Die Zahl junger Erfinder in Deutschland nimmt zwar stark zu. Die Kreativität der Jugendlichen wird aber nach Ansicht der Stiftung Jugend forscht noch nicht ausreichend gefördert. „Das Potenzial ist bei weitem nicht gehoben. Nach wie vor wird die Kraft des jugendlichen Erfindergeistes bei uns unterschätzt“, sagte der Geschäftsführer der Stiftung, Sven Baszio, der Deutschen Presse-Agentur.

Lehrer sollten zum Beispiel besser ausgebildet werden, um Talente gezielter zu erkennen und für die Forschung fit zu machen. Außerdem gebe es in Deutschland abseits der Schulen zu wenige Orte, an denen sich jugendliche Erfinder treffen, austauschen und experimentieren können, sagte Baszio. „Schule allein reicht da nicht, dort sind die zeitlichen Räume und die Infrastruktur zu beschränkt.“ Jugendliche müssten sich regelmäßig treffen und zum Beispiel in sogenannten Schülerforschungszentren ihren Ideen nachgehen können, sagte Baszio vor der Verleihung des Artur-Fischer-Erfinderpreises am Mittwoch in Stuttgart. Der Preis prämiert alle zwei Jahre sowohl private Erfinder als auch Erfindungen von Schülern und Schulklassen.

Vor allem die Kommunen seien in diesem Punkt gefragt.

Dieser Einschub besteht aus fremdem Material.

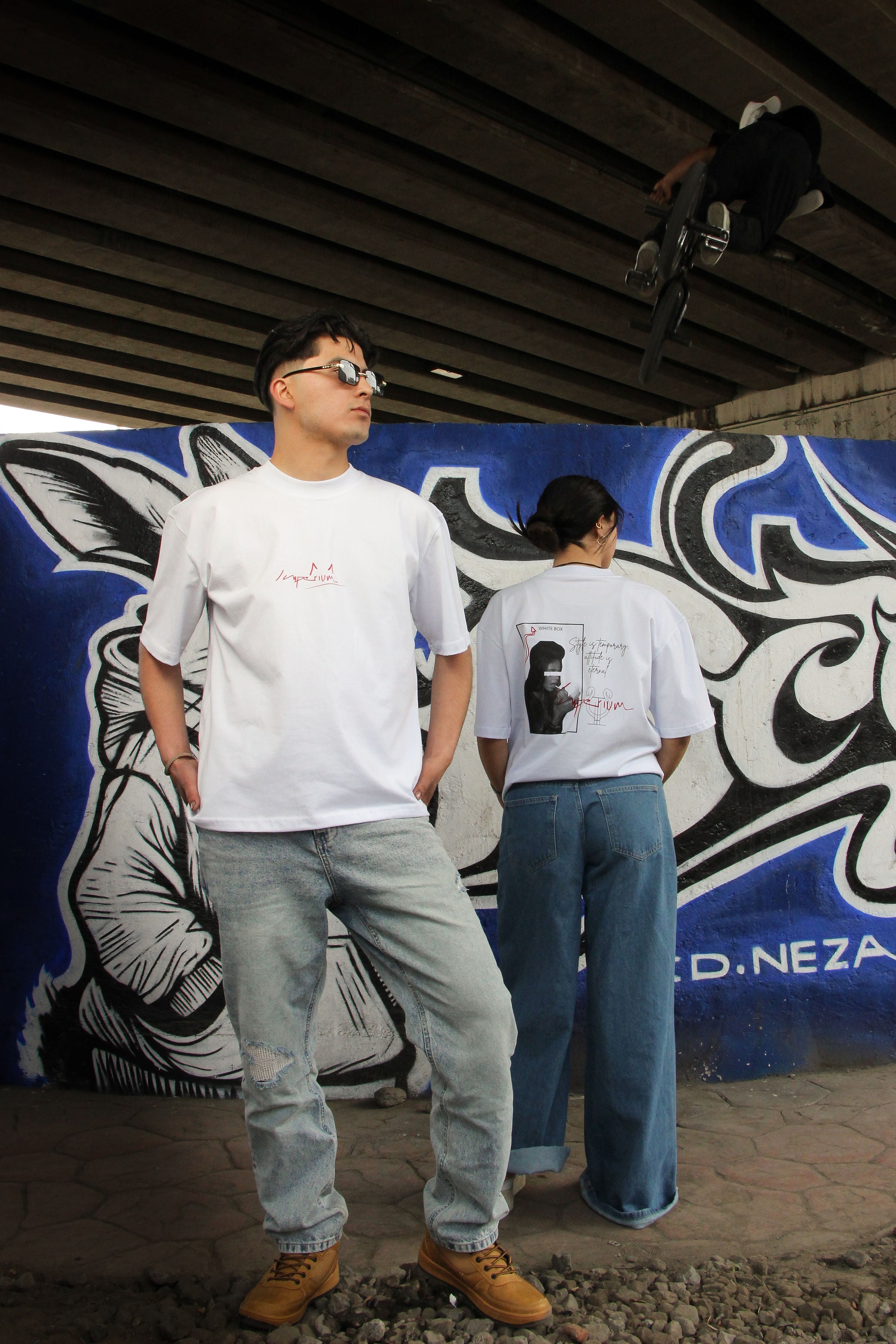 Playera unisex Semi Oversize blanca | Diseño mujer WHITE BOX COLLECTION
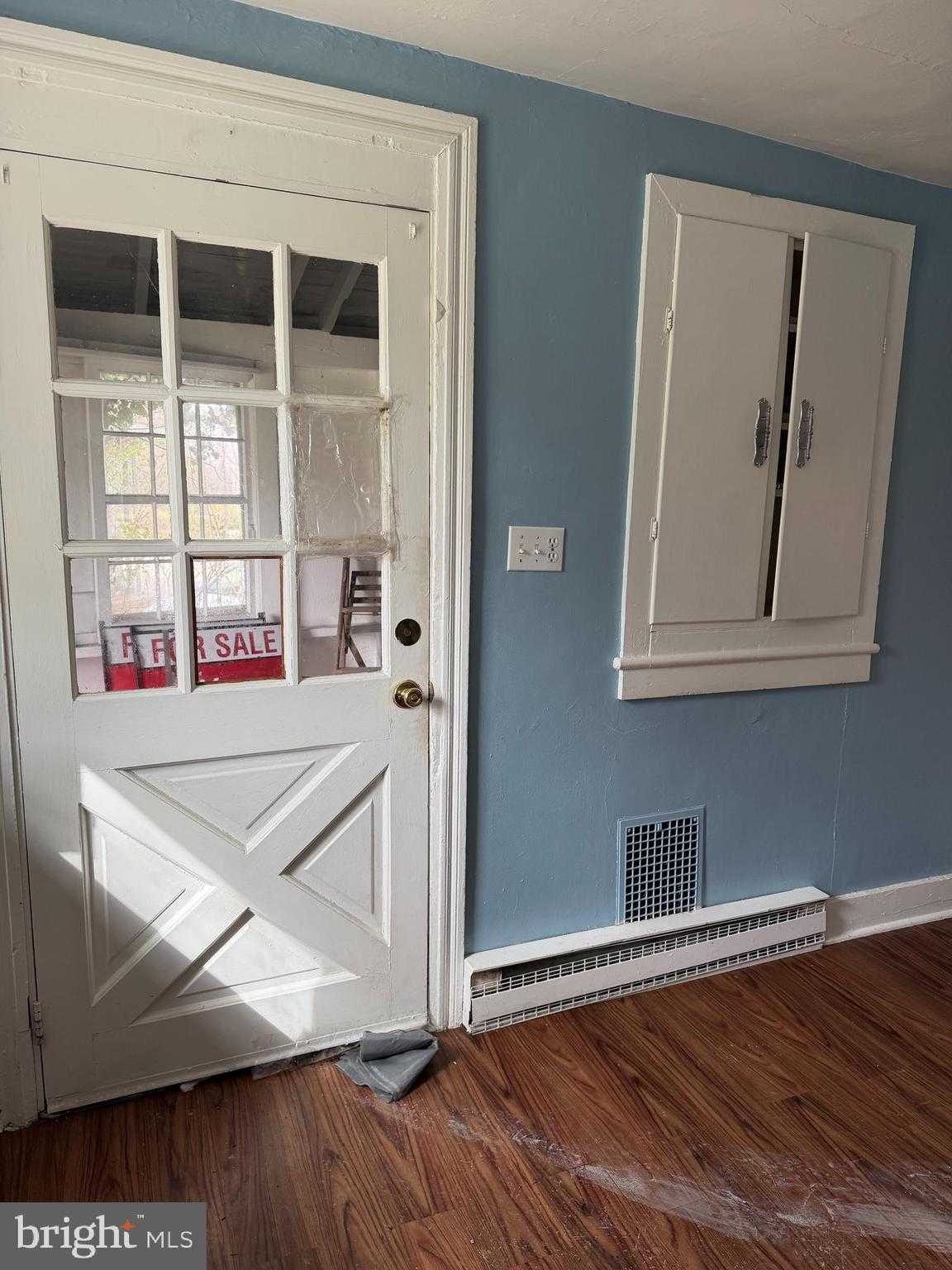 284 W State St photo 4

Sie könnten etwa leerstehende Häuser bereitstellen, außerdem müsse die lokale Wirtschaft ins Boot geholt werden, schlägt Baszio vor. „Für beide ist es eine Win-Win-Situation, denn die Jugendlichen werden gefördert, und die Wirtschaft sichtet und schult ihren möglichen Nachwuchs.“

Bislang gebe es rund 100 sogenannte Schülerforschungszentren in Deutschland. „Das ist natürlich bei weitem nicht genug“, sagte Baszio und äußert Unverständnis: „Bei Fußballprofis erwarten wir auch nicht, dass sie aus dem Schulsport stammen, sondern wir fördern die Talente frühzeitig in Leistungszentren. Aber erstaunlicherweise scheint die Gesellschaft zu erwarten, dass unsere Nobelpreisträger aus dem Schulunterricht hervorgehen.“

Dabei setzten sich Jugendliche bei ihren Projekten zunehmend mit aktuellen Themen auseinander, sagte Baszio. „Sie sind total am Puls der Zeit.“ Immer stärker seien „grüne Themen“ wie die Energiewende, der Klimawandel und die Welternährung im Wettbewerb Jugend forscht vertreten. Förderlich sei hier auch der einfache Zugang zu weltweiter Information, zu Methoden und Techniken über das Internet.